Material provided:
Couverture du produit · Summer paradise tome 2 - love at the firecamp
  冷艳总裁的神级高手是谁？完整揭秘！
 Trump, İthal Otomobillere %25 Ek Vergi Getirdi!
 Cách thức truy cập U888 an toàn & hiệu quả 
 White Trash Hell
* * *
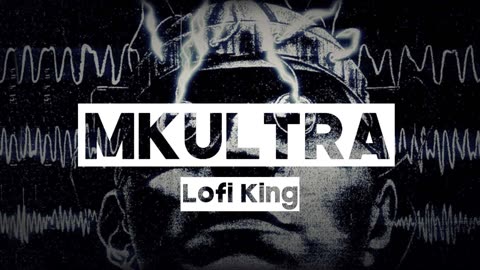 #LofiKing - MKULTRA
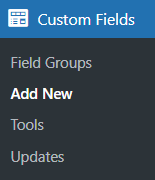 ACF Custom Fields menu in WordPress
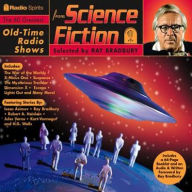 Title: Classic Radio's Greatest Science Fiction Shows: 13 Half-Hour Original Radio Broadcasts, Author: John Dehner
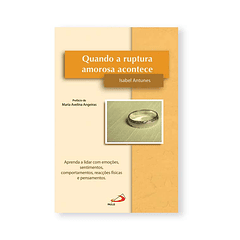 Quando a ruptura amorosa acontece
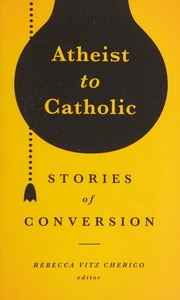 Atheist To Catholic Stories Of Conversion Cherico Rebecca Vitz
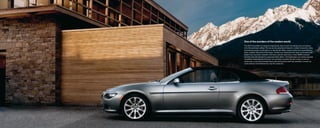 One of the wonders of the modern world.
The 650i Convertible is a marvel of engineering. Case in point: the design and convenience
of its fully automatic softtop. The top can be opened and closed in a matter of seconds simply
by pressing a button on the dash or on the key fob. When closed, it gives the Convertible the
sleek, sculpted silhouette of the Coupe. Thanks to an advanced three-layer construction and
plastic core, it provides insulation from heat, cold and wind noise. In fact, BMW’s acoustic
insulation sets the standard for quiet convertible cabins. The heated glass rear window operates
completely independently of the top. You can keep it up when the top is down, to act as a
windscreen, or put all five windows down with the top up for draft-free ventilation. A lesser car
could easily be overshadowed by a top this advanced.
--
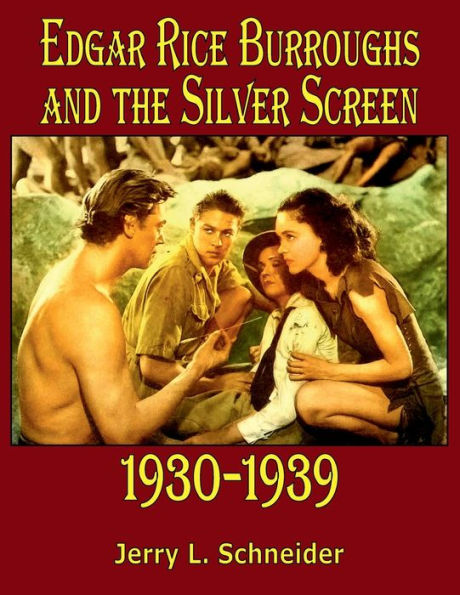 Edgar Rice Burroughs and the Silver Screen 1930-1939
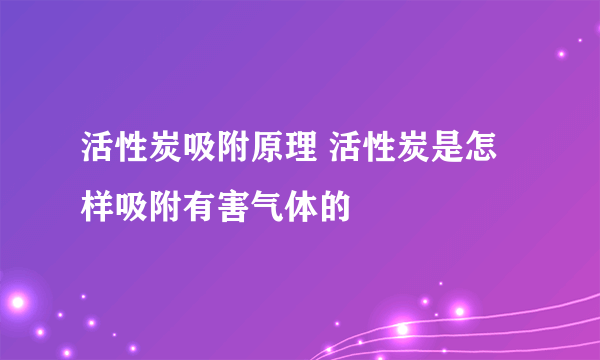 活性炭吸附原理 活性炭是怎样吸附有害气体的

What is being asked: Within the material above, extract exactly the lines that start at the line containing "Couverture du produit" and stop after the line containing "White Trash Hell", and only those.

Written answer:
Couverture du produit · Summer paradise tome 2 - love at the firecamp
  冷艳总裁的神级高手是谁？完整揭秘！
 Trump, İthal Otomobillere %25 Ek Vergi Getirdi!
 Cách thức truy cập U888 an toàn & hiệu quả 
 White Trash Hell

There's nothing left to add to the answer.